Sawara is called different names as it grows, so as a young fish it is called "sagoshi" or "sagochi," and after a certain size it becomes "nagi" or "sawara." It is mostly found in Kyoto, Fukui, and other regions on the side of the Sea of Japan, as well as Nagasaki and Shimane. In particular, it is frequently eaten in Okayama. This fish is best characterized by its transparent white meat. Take a bite and you will feel its fat melt in your mouth, making it a delicious fish with a high-quality kind of sweetness. Slightly broiling its skin is also recommended.

Karei (Righteye Flounder)

Karei is the term used for various kinds of fish, including magarei (brown sole) and makogarei (marbled sole). While flounder has an image of being high-class, karei has a light but rich flavor that will let you enjoy the fragrance of the ocean. It is delicious when served as konbujime or as engawa, similar to hirame. Makogarei is said to be the highest quality fish within the flounder group, and it's caught everywhere in Japan. Its season is in summer.
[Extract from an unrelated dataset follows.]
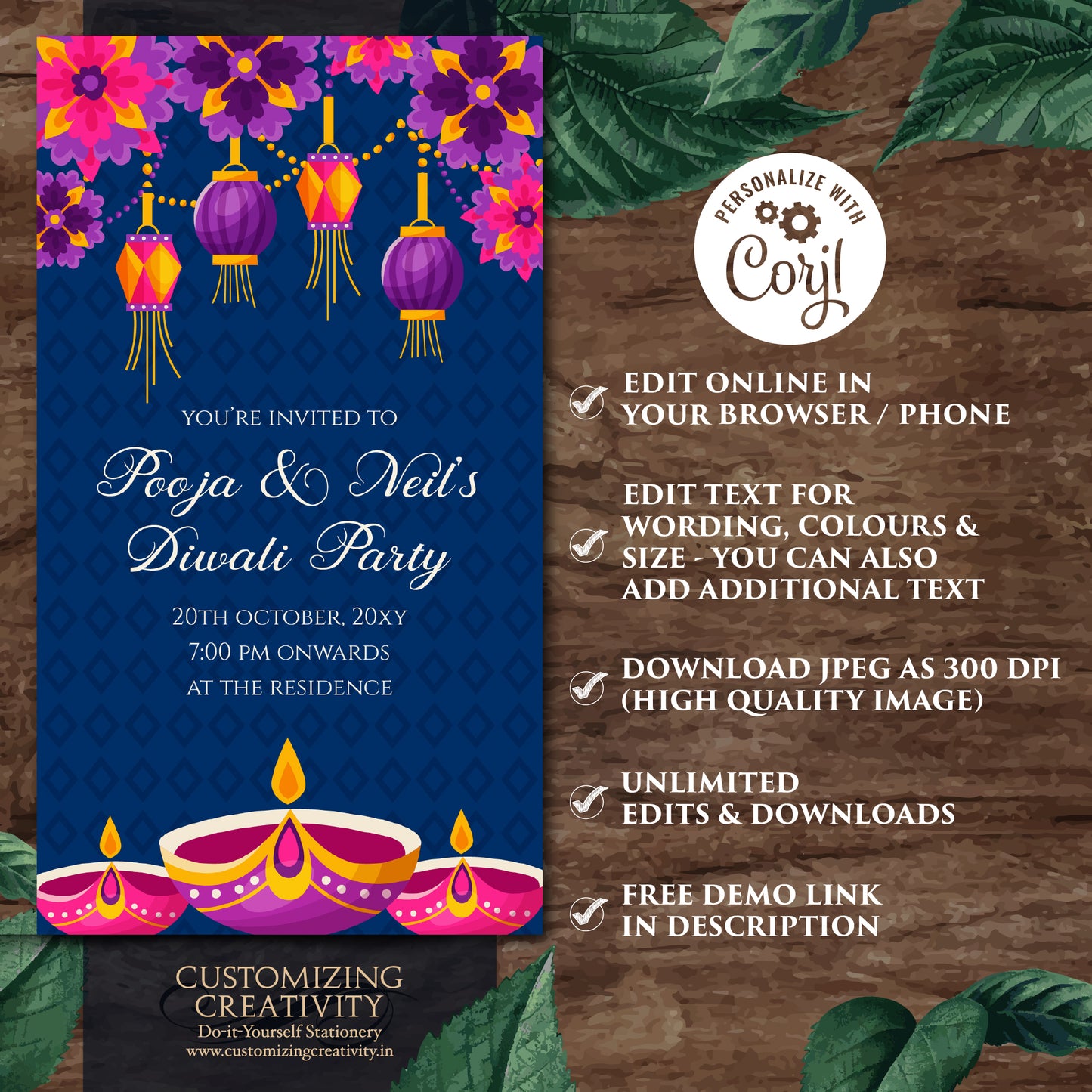 Happy Diwali card greeting as Diwali Evite template, Diwali party invite Digital Diwali invitations, Diwali party invitation & Diwali invite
Suzuki (Japanese Sea Perch)

Suzuki is another representative shiromi topping in the summer. Its name also changes as it grows, so depending on the size, it is called "seigo," "fukko," and finally "suzuki." It is normally caught in Shimane. Suzuki has a transparent appearance, a moderate texture, and a characteristic light flavor. The taste of this fish varies greatly depending on the season, so eat it during summer to get the best flavor.

Hamachi (Young Japanese Amberjack), Buri (Japanese Amberjack)
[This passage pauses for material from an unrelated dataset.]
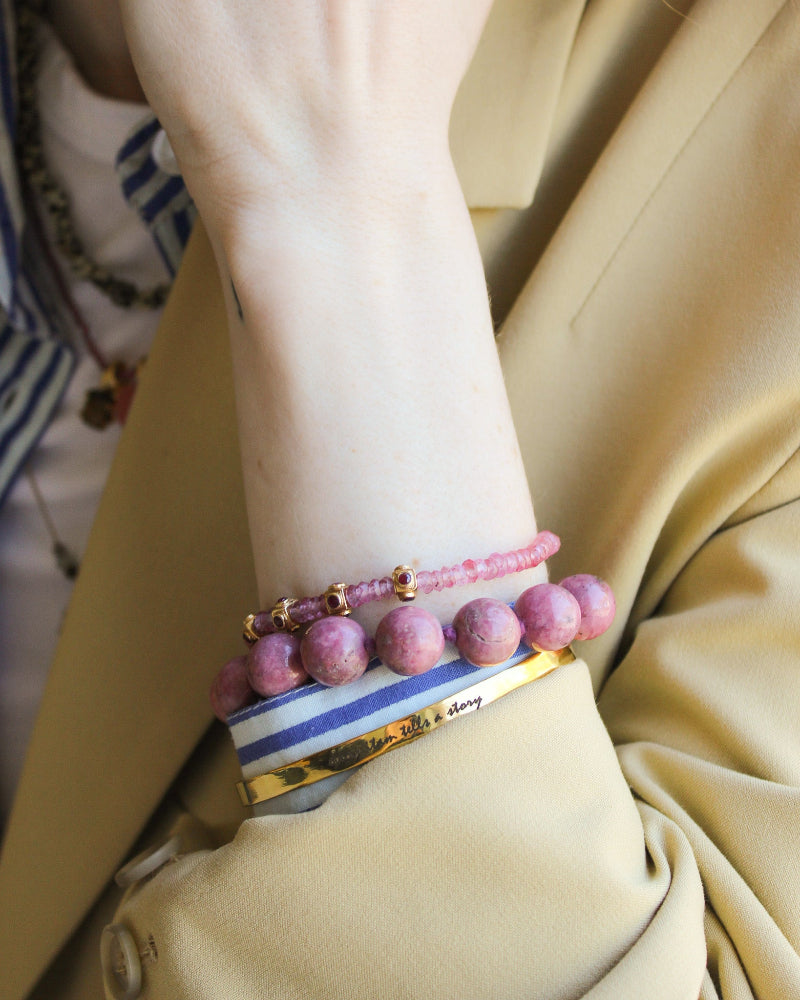 Ronde Edelstenen Armband Roze Aventurijn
This fish goes by different names as it grows, with names like "mojako," "wakashi," "inada," "warasa," and "buri." The name also changes slightly depending on the region. The taste depends on the size, and the large fish caught wild are buri while medium-sized farmed fish are hamachi.

Amberjack is mostly farmed in western Japan, and with the advancement in farming technology in recent years, its taste has also become comparable to that of wild fish, so tasty amberjack is now available throughout the year. Hamachi and buri have a rich taste given their rich fat content, but hamachi has more fat, while buri has a firmer texture. In particular, the fish caught in Toyama Bay with the most amount of fat is referred to as kanburi.

*The fish in the top photo is hamachi, the one on the bottom is buri.

Kanpachi (Greater Amberjack)

For Kanpachi, the small size is eaten in the fall and the large ones caught between fall and winter. Kagoshima is famous for kanpachi. While it's often mixed up with hamachi and buri, this fish is actually from a different species. It has a firmer texture than hamachi and buri. While it's called shiromi, it's filled with fat, so it has a sweet, delicious taste.

Shimaaji (Striped Jack)

Shimaaji is caught from late spring until summer, mainly in the Izu Islands, Kagoshima, and Kochi. It is known as the highest quality fish within the mackerel family. Horse mackerel is called aji and is a hikarimono that's also famous at sushi restaurants. Shimaaji has a great balance between high quality fat and flavor, so it has a mild aftertaste. Farmed shimaaji is fattier.

Isaki (Chicken Grunt)

Isaki can be eaten all year round, but its peak is from late spring to summer. This fish is typically caught in the Izu Islands and Nagasaki. While it's a shiromi fish, it has a relatively high amount of fat since its entire body is covered in it. It has the aroma of the ocean and a sweetness brought by its high quality fat. Its flesh is tight, so it has a good texture for sushi.

Shiromi is a topping with a flavor that is difficult to grasp by appearance alone. Try to taste some shiromi the next time you're out for sushi.

*Please note that the information in this article is from the time of writing or publication and may differ from the latest information.